Where Does the David Price Playoff Start Rank In Great Red Sox Postseason Performances
Featured image courtesy of Zimbio.com (Oct. 17, 2018 – Source: Elsa/Getty Images North America)
Nobody in the world expected that to happen. Maybe you thought David Price would pitch a good game, but nobody expected him to pitch six scoreless innings while striking out nine without allowing a walk. Maybe you expected Price to outpitch Justin Verlander on short rest, but you were certainly in the minority. That playoff start was one of the best in recent memory, but where does the David Price playoff start rank, historically speaking, in the great Red Sox playoff performances of recent memory?
Where Does the David Price Playoff Start Rank Among Great Red Sox Performances?

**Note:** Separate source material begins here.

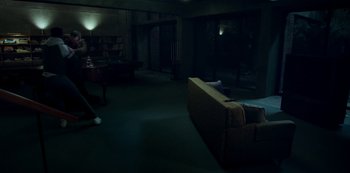 Movie still from “Archive 81” (2022), created by Rebecca Sonnenshine – A living room with a couch and a table in it; Wide shot, High angle
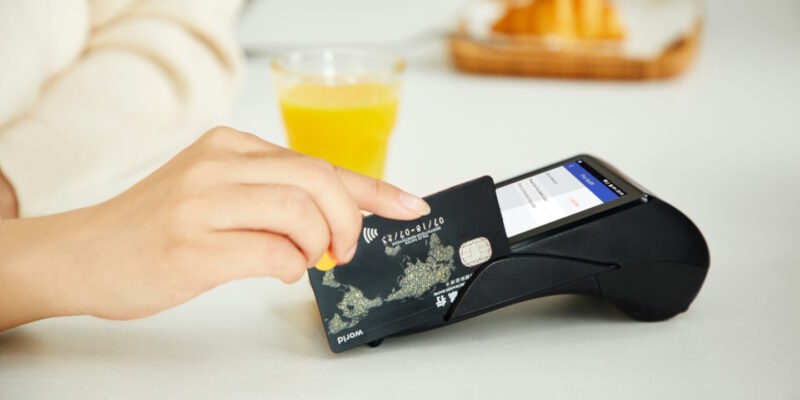 Woman swiping credit card in card reader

The Red Sox starters have put up some great starts in this postseason run, but none like Price’s last night. The closest we have in 2018 is likely Nathan Eovaldi’s gem against the New York Yankees. In that game, Eovaldi went seven innings, allowing one run and five strikeouts without allowing a walk.
Make no mistakes, this was a fantastic outing, and one the Red Sox desperately needed. Had the Red Sox lost that game, they would have been staring down elimination with a game left in Yankee Stadium. However, even though Eovaldi went one inning deeper, he allowed an extra run and struck out two fewer batters. Additionally, he was pitching on full rest, while Price was on three days rest. This isn’t meant to be a shot at Eovaldi – he’s been fantastic – but this is just to highlight how great Price was.
Comparing Price to 2013
The 2016 and 2017 Red Sox starting pitching was terrible in the postseason, so you’ll need to go all the way back to 2013 to find the next contender. Postseason legend Jon Lester had arguably the best start of his postseason career against the St. Louis Cardinals in Game One of the World Series. During that 8-1 win, Lester went 7.2 scoreless innings, striking out eight batters while allowing just one walk and five hits.

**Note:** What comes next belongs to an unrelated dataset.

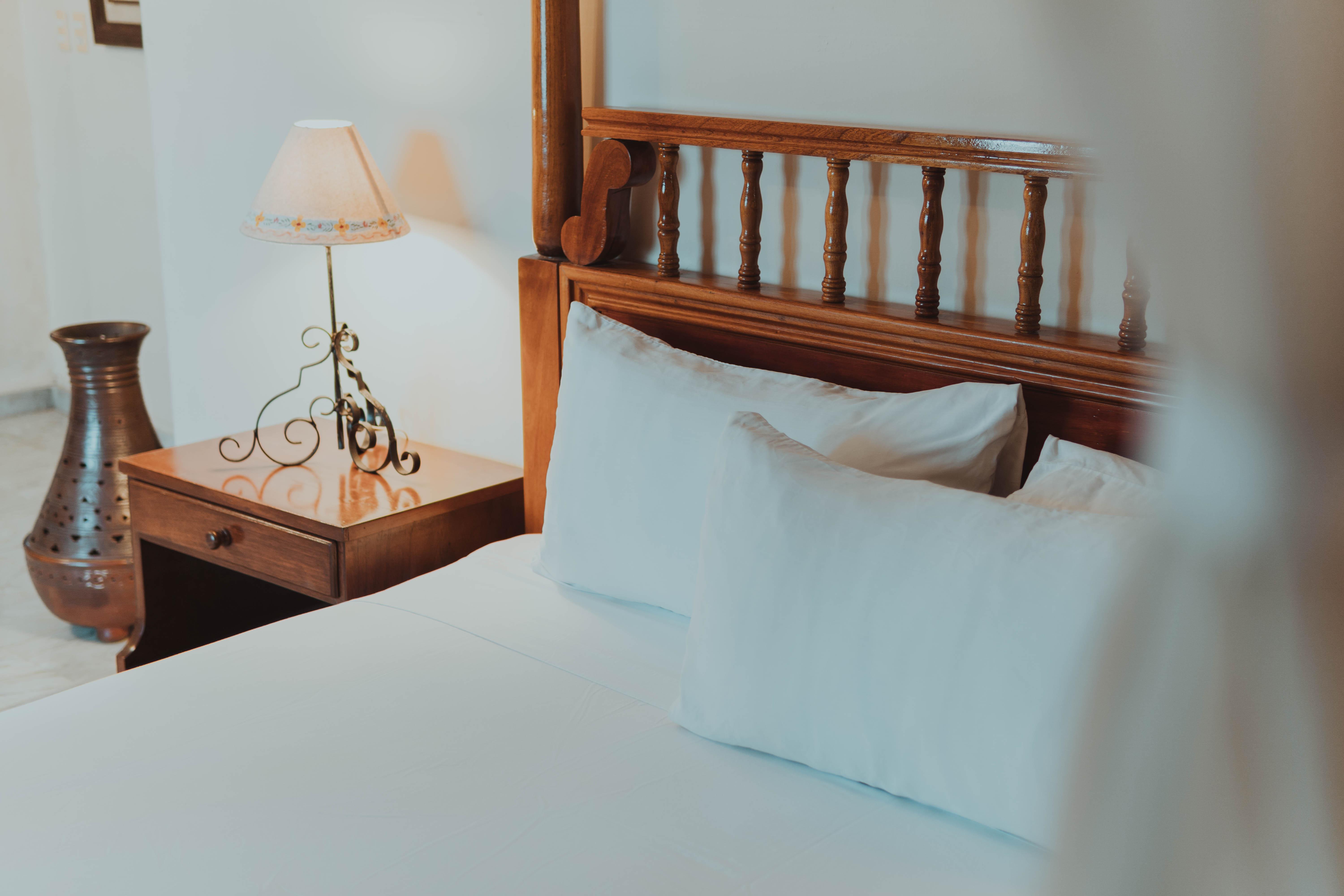 Hotel Casa del Balam Mérida Exterior foto A bed with a nightstand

One series before that, John Lackey pitched an eerily-similar game to David Price’s recent gem. Lackey outdueled Justin Verlander himself, tossing 6.2 scoreless innings. During those 6.2 frames, Lackey allowed just five hits while striking out eight and not allowing a walk.

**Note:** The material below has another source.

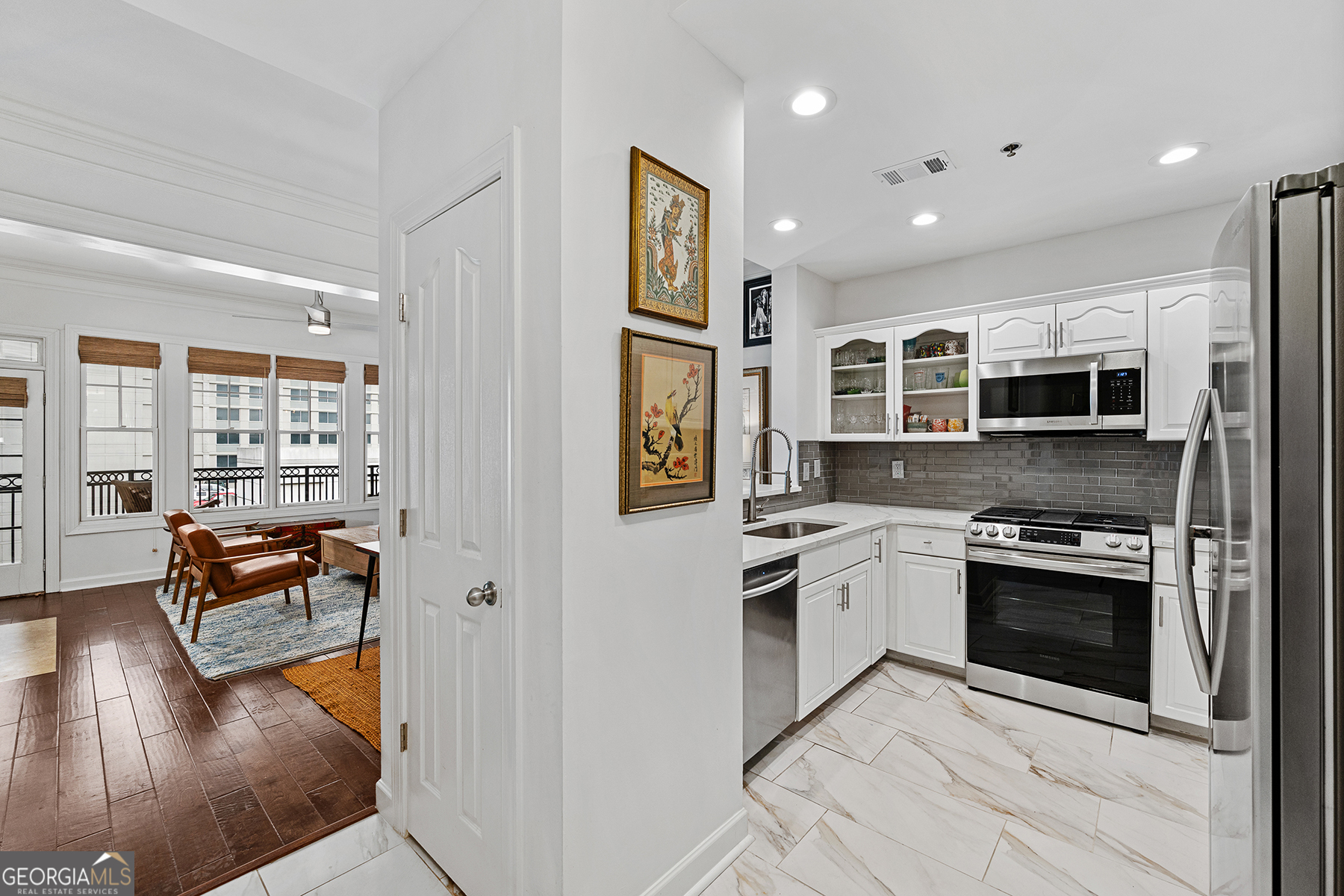 a kitchen with stainless steel appliances granite countertop a stove and a refrigerator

Honestly, all three of these starts were absolute masterpieces and are hard to rank. Each player didn’t allow a run, so we’re obviously talking about pure greatness here. Lester went the deepest into his game but allowed more hits and walks while striking out fewer batters than Lackey and Price. Price “only” went six innings but struck out the most batters and arguably faced the best team of the three. It’s a cop out, but ranking any of these performances above the others would be blasphemous. Let’s call it a three-way tie.
Going Back Even Further
The only other player since the turn of the decade to have a postseason start close to this was Josh Beckett in 2007. Facing off against the Angels in the ALDS, Beckett pitched a complete game, shutting out the Angles while striking out five, walking nobody, allowing just four hits.
As fantastic as Price, Lester, and Lackey were, this one probably takes the cake from a pure statistical standpoint. Only Price had more strikeouts and fewer hits allowed, and Lester’s 7.2 innings pitched are the next closest to Beckett’s complete game.
Granted, the 2007 Angels were nowhere near as good as the 2013 Tigers, 2013 Cardinals, or the 2018 Astros. That said, a start like that is impressive no matter who you’re facing. Beckett came up huge in the first postseason game of what would end up being a World Series campaign.
This start takes the cake as the best in recent memory, but Price, Lackey, and Lester are not far behind it. No matter how you want to rank them, take a minute to appreciate how fortunate we are to even be having this conversation. The Red Sox went without a title for 86 years, and now they have a chance to win their fourth title in 15 years. Boston sports, in general, has had an unprecedented level of success over the past few years. Enjoy every second of the ride.